The wills must be signed in the presence of two witnesses, not related to you or named in the wills. If your state has adopted a self-proving affidavit statute, a state specific self-proving affidavit is also included and requires the presence of a notary public to sign the wills.
Law Summary - West Virginia Mutual Wills Package with Last Wills and Testaments for Married Couple with Minor Children
Note: This summary is not intended to be an all-inclusive discussion of the law of wills in West Virginia, but does contain basic and other information. This summary does not include a discussion of handwritten wills. Who may make will: Every person 18 years of age or older and of sound mind, may make a will. 41-1-1.
Who may not make will: No person of unsound mind, or under the age of eighteen years, shall be capable of making a will. 41-1-2.
Execution and witnesses No will shall be valid unless it be in writing and signed by the testator. The signature shall be made by him in the presence of at least two competent witnesses, present at the same time; and such witnesses shall subscribe the will in the presence of the testator, and of each other, but no form of attestation shall be necessary. 41-1-3.
Revocation by divorce; no revocation by other changes of circumstances: If after executing a will the testator is divorced or his marriage annulled, the divorce or annulment revokes any disposition or appointment of property made by the will to the former spouse, any provision conferring a general or special power of appointment on the former spouse, and any nomination of the former spouse as executor, trustee, conservator, or guardian, unless the will expressly provides otherwise. 41-1-6.
Revocation generally: A will or codicil may be revoked by a subsequent will or codicil, or by some writing declaring an intention to revoke the same, and executed in the manner in which a will is required to be executed. A will may also be revoked by the testator, or some person in his presence and by his direction, cutting, tearing, burning, obliterating, canceling or destroying the same, or the signature thereto, with the intent to revoke. 41-1-7.
Competency of witnesses who are beneficiaries: If a will is witnessed by a person who is also to receive property under the will, the will is not invalid.

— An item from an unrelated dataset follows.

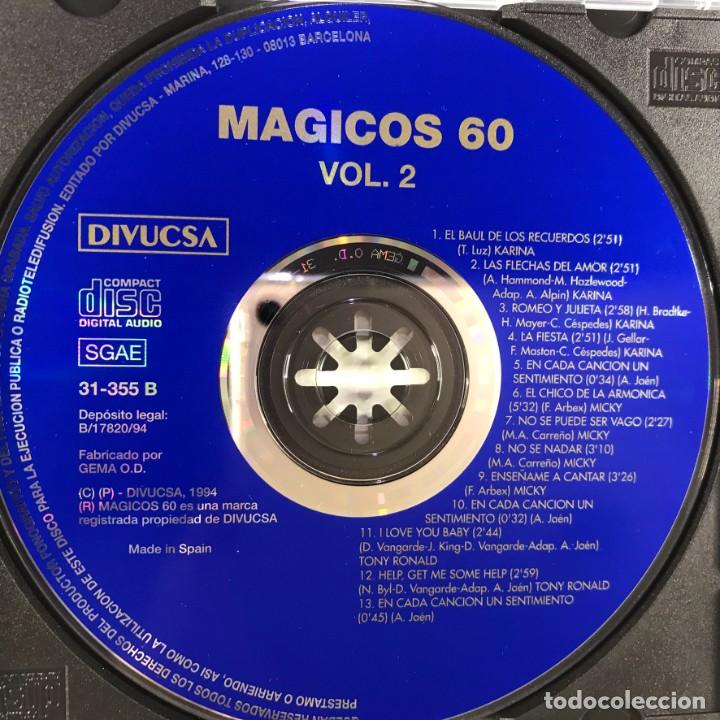 CDs de m&uacute;sica: Various &ndash; M&aacute;gicos 60 - CD, Album, Compilation - 2 x CD, Compilation - Foto 5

However, the provision in the will to that witness, or his or her spouse, shall be void except to the extent that the witness would have received the property by intestate succession laws. 41-2-1.
Creditors may be witnesses: A creditor is not prohibited from being a witness for or against the will. 41-2-2.
Executor may be witness: An executor of a will is not prohibited from being a witness for or against the will. 41-2-3.